(Stored data entries)

───

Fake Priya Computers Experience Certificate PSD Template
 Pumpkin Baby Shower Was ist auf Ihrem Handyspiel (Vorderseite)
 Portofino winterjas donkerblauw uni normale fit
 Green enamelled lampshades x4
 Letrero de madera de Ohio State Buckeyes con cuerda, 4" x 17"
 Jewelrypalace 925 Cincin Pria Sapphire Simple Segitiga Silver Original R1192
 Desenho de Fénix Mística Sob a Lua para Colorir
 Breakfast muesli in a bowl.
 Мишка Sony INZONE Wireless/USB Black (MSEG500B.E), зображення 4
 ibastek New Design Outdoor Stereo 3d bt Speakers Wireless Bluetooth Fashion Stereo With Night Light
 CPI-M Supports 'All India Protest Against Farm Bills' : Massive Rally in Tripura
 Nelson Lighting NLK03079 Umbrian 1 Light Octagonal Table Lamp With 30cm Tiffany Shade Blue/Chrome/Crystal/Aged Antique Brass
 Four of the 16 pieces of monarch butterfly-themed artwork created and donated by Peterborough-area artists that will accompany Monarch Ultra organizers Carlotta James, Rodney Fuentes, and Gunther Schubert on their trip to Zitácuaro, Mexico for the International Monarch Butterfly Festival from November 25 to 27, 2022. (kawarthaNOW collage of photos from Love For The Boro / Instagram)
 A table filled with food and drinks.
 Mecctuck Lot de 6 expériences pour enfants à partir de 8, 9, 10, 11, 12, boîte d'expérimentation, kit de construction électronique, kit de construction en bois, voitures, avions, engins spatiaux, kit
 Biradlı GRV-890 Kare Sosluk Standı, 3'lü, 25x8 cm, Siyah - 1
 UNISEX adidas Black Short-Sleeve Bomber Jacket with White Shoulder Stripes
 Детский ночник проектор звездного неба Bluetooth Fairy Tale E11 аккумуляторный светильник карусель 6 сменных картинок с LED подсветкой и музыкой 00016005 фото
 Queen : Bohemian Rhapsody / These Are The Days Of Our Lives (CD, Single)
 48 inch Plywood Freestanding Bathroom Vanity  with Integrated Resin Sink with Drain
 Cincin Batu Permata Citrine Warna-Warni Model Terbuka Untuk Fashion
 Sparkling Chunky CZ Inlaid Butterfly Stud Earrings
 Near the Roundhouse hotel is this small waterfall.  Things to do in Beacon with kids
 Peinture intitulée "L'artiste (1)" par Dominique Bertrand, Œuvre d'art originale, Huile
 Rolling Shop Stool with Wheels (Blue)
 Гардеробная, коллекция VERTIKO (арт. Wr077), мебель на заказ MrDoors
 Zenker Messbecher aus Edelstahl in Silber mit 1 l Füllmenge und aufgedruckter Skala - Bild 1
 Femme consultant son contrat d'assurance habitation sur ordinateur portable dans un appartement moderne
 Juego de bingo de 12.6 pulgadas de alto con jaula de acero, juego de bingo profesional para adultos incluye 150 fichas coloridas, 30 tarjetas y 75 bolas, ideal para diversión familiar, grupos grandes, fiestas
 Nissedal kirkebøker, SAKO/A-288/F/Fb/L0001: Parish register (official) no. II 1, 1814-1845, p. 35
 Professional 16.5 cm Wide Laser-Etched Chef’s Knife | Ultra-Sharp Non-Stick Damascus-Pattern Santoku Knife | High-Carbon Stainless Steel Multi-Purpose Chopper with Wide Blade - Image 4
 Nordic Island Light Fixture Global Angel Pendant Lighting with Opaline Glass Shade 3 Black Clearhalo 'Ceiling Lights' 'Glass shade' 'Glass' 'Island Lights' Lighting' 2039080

───

**What you are asked to do:** Could you repeat every record word for word?

**Exercise result:**
Fake Priya Computers Experience Certificate PSD Template
 Pumpkin Baby Shower Was ist auf Ihrem Handyspiel (Vorderseite)
 Portofino winterjas donkerblauw uni normale fit
 Green enamelled lampshades x4
 Letrero de madera de Ohio State Buckeyes con cuerda, 4" x 17"
 Jewelrypalace 925 Cincin Pria Sapphire Simple Segitiga Silver Original R1192
 Desenho de Fénix Mística Sob a Lua para Colorir
 Breakfast muesli in a bowl.
 Мишка Sony INZONE Wireless/USB Black (MSEG500B.E), зображення 4
 ibastek New Design Outdoor Stereo 3d bt Speakers Wireless Bluetooth Fashion Stereo With Night Light
 CPI-M Supports 'All India Protest Against Farm Bills' : Massive Rally in Tripura
 Nelson Lighting NLK03079 Umbrian 1 Light Octagonal Table Lamp With 30cm Tiffany Shade Blue/Chrome/Crystal/Aged Antique Brass
 Four of the 16 pieces of monarch butterfly-themed artwork created and donated by Peterborough-area artists that will accompany Monarch Ultra organizers Carlotta James, Rodney Fuentes, and Gunther Schubert on their trip to Zitácuaro, Mexico for the International Monarch Butterfly Festival from November 25 to 27, 2022. (kawarthaNOW collage of photos from Love For The Boro / Instagram)
 A table filled with food and drinks.
 Mecctuck Lot de 6 expériences pour enfants à partir de 8, 9, 10, 11, 12, boîte d'expérimentation, kit de construction électronique, kit de construction en bois, voitures, avions, engins spatiaux, kit
 Biradlı GRV-890 Kare Sosluk Standı, 3'lü, 25x8 cm, Siyah - 1
 UNISEX adidas Black Short-Sleeve Bomber Jacket with White Shoulder Stripes
 Детский ночник проектор звездного неба Bluetooth Fairy Tale E11 аккумуляторный светильник карусель 6 сменных картинок с LED подсветкой и музыкой 00016005 фото
 Queen : Bohemian Rhapsody / These Are The Days Of Our Lives (CD, Single)
 48 inch Plywood Freestanding Bathroom Vanity  with Integrated Resin Sink with Drain
 Cincin Batu Permata Citrine Warna-Warni Model Terbuka Untuk Fashion
 Sparkling Chunky CZ Inlaid Butterfly Stud Earrings
 Near the Roundhouse hotel is this small waterfall.  Things to do in Beacon with kids
 Peinture intitulée "L'artiste (1)" par Dominique Bertrand, Œuvre d'art originale, Huile
 Rolling Shop Stool with Wheels (Blue)
 Гардеробная, коллекция VERTIKO (арт. Wr077), мебель на заказ MrDoors
 Zenker Messbecher aus Edelstahl in Silber mit 1 l Füllmenge und aufgedruckter Skala - Bild 1
 Femme consultant son contrat d'assurance habitation sur ordinateur portable dans un appartement moderne
 Juego de bingo de 12.6 pulgadas de alto con jaula de acero, juego de bingo profesional para adultos incluye 150 fichas coloridas, 30 tarjetas y 75 bolas, ideal para diversión familiar, grupos grandes, fiestas
 Nissedal kirkebøker, SAKO/A-288/F/Fb/L0001: Parish register (official) no. II 1, 1814-1845, p. 35
 Professional 16.5 cm Wide Laser-Etched Chef’s Knife | Ultra-Sharp Non-Stick Damascus-Pattern Santoku Knife | High-Carbon Stainless Steel Multi-Purpose Chopper with Wide Blade - Image 4
 Nordic Island Light Fixture Global Angel Pendant Lighting with Opaline Glass Shade 3 Black Clearhalo 'Ceiling Lights' 'Glass shade' 'Glass' 'Island Lights' Lighting' 2039080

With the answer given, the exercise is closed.